For me the hard part wasn't solving the problem, but solving them in 15 minutes. At Google, 2/3 problems I got were hard and not medium. There would be no chance that I solved any of them if I hadn't seen them before.


Interesting, was that in the EU? I recently had a friend go through the process in the bay area, he didn't get anything harder than easy/medium. I thought that Google, at least, was trending to making their algo portion easier as they introduced design questions instead. 2/3 hard questions is pretty crazy and anyone would struggle with that unless they grind a lot like you suggest. Might be you just got really unlucky with the interviewer or there is a culture in that office of asking hard algo questions.
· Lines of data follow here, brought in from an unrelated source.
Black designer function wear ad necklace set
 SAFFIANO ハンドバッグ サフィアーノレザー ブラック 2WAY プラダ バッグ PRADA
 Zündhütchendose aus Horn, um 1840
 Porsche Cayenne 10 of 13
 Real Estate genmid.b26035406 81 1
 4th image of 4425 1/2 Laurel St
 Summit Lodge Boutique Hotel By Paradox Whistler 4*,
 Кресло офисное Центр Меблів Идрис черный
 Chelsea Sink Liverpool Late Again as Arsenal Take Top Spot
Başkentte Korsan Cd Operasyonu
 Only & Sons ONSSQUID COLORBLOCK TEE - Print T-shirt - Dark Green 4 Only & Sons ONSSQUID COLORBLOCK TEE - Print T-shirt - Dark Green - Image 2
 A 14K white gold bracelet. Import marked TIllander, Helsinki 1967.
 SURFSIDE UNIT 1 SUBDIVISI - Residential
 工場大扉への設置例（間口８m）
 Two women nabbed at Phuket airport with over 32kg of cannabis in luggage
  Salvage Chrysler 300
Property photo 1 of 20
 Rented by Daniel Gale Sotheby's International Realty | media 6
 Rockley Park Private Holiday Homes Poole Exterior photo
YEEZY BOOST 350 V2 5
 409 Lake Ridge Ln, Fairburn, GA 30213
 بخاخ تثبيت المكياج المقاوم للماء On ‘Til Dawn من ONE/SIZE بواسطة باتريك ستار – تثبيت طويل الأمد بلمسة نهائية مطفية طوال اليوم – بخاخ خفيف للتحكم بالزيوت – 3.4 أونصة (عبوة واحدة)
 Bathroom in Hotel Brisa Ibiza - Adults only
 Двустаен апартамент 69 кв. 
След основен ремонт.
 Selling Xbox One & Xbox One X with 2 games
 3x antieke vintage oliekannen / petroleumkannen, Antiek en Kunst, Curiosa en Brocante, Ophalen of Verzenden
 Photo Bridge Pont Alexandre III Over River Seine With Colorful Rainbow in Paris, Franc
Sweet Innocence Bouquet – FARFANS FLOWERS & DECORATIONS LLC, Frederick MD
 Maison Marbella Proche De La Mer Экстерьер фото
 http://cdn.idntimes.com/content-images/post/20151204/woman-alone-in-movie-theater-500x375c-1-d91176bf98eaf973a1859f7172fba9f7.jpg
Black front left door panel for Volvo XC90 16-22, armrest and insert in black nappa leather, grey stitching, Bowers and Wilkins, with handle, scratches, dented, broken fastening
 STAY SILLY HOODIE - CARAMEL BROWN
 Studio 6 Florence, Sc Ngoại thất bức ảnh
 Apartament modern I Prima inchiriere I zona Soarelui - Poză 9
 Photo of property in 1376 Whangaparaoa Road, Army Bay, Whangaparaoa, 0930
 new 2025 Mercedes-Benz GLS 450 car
I kinda wonder what kind of salaries FAANGs can pay while working remotely right now, outside of US. While in US salaries can be veryy good, for example Google in Poland is known for paying pretty bad


They all adjust based on your location. Like Meta aims for top 5% pay in the market. Other places will be lower/higher accordingly.


What's "the market"? You mean, top 5% pay in the country where you live? That would probably be about US$15k/year for me, not really what I'm looking for. So they'll hire you for full remote but pay you 80% less than someone who'll move to Palo Alto?


Yep, as far as I know.


If you go on blind and ask about interview processes the vast majority of high paying companies where TC is over $200k are going to ask LC questions. So I'd say yes, being able to solve LC gives you good odds for landing high-paying jobs.

You can go on LC (I think it requires premium) and see people post similar things (may be biased there). There's an entire category in the problems where you can see what companies have asked certain Qs and their frequency (6 months, 1 year, 3 years, etc).

I myself am starting the LC grind, the only thing I've honestly regretted in my career is not getting a CS degree (mine is in Maths). Never having a solid foundation in DSA makes LC prep painful, also the first time I'm prepping LC in general.

I'm a frontend developer for the last 7ish years and it kinda sucks that I have to do LC to get these jobs. I know some companies are starting to give different tracts for frontend roles but the vast majority still seem to be LC problems.